BARO FARM
Backend for an agri-fisheries commerce service. I owned the auth/authorization flow in a Spring Cloud Gateway·Redis·Kafka·OPA-based MSA, and resolved intermittent 403s at the structural root cause rather than the surface symptom.
Role
Backend — auth / authorization flow
Period
MSA-based team project
403 resolved
Intermittent auth failure
root cause removed
JWT + OPA
Policy-based authorization
state synced via Kafka events
MSA
Gateway · Redis · Kafka · OPA
distributed auth flow
Role breakdown
Problem
While owning the auth/authorization flow in an MSA environment, intermittent 403 (Forbidden) errors appeared in production. They were hard to reproduce, and viewing them as a mere gateway response error led nowhere.

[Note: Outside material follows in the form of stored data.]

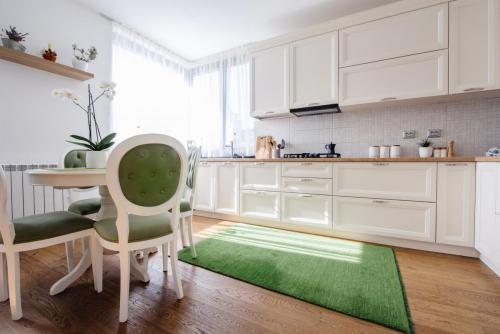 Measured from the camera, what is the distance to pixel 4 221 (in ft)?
3.58

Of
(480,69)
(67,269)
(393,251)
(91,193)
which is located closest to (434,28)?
(480,69)

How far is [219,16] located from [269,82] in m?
1.06

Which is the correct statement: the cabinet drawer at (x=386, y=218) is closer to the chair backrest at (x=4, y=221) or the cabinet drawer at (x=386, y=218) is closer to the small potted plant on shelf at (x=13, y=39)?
the chair backrest at (x=4, y=221)

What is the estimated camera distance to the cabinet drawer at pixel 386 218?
2037 millimetres

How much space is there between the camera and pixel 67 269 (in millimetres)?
1712

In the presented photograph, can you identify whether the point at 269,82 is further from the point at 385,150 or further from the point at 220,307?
the point at 220,307

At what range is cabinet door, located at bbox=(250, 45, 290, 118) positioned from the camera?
293 centimetres

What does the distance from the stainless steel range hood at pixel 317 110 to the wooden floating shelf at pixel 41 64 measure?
256 cm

Root cause — a state mismatch, not the surface
I chose not to treat this as a gateway response error, and hypothesized a structural problem: the permission info carried in the JWT diverging from the latest user state.
When a user’s permissions/state changed but the already-issued JWT — or the policy data (Bundle) that OPA (Open Policy Agent) references — wasn’t updated immediately, permission decisions went wrong during that lag window, producing 403s.
Solution — letting state changes flow through
- Propagate user-state changes via Kafka events
- Wire that flow so the OPA Bundle is refreshed accordingly
By shrinking the lag between permission info and user state, I removed the root cause of the intermittent 403s.
Result
I gained the perspective of seeing a failure not as a visible symptom (403) but as a data-consistency and event-propagation problem. Auth/authorization isn’t a single service — it works only when the state across multiple components stays consistent — a sense that matters especially for a service already in operation.